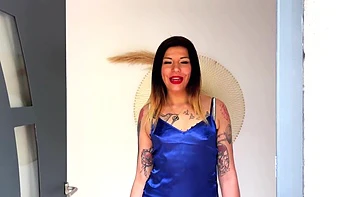 Katya is not impressed by two guys! - Jacquie et Michel TV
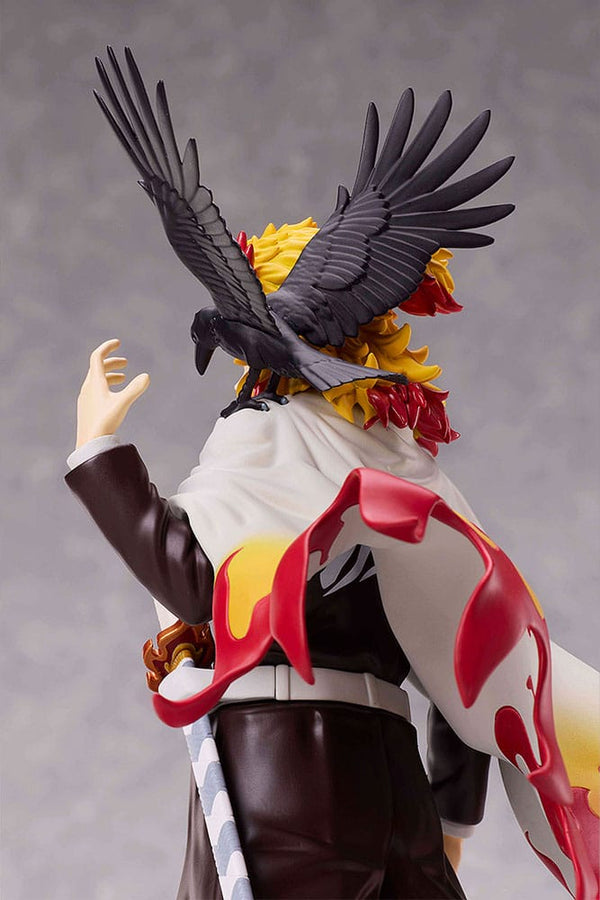 Demon Slayer: Kimetsu no Yaiba - Kyojuro Rengoku: Flame Hashira - Statue (20 cm)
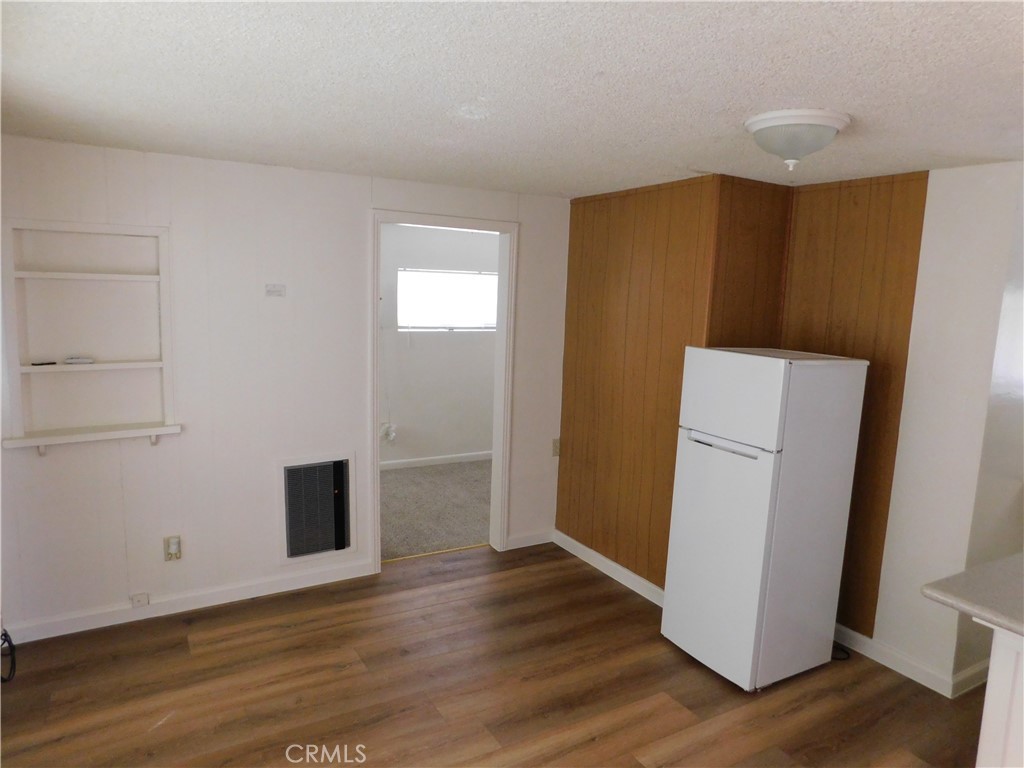 1253 W 11th St, Merced, CA 95341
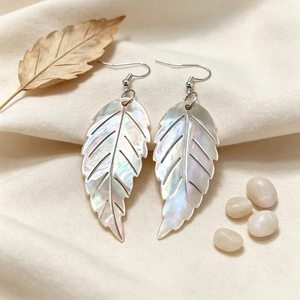 Pendientes con Forma de Hoja, Hechos a Mano, Joyería Artesanal Natural para Fiestas y Bodas, por Curio Craft - Product Image 1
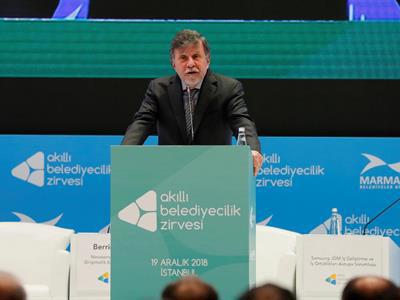 Akıllı Şehirlerin Geleceği Bu Zirve’de Konuşuldu}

Work to complete:
Write the material out again exactly as it appears, dropping the pictures.

Answer to this exercise:
 Katya is not impressed by two guys! - Jacquie et Michel TV
 Demon Slayer: Kimetsu no Yaiba - Kyojuro Rengoku: Flame Hashira - Statue (20 cm)
 1253 W 11th St, Merced, CA 95341
 Pendientes con Forma de Hoja, Hechos a Mano, Joyería Artesanal Natural para Fiestas y Bodas, por Curio Craft - Product Image 1
 Akıllı Şehirlerin Geleceği Bu Zirve’de Konuşuldu}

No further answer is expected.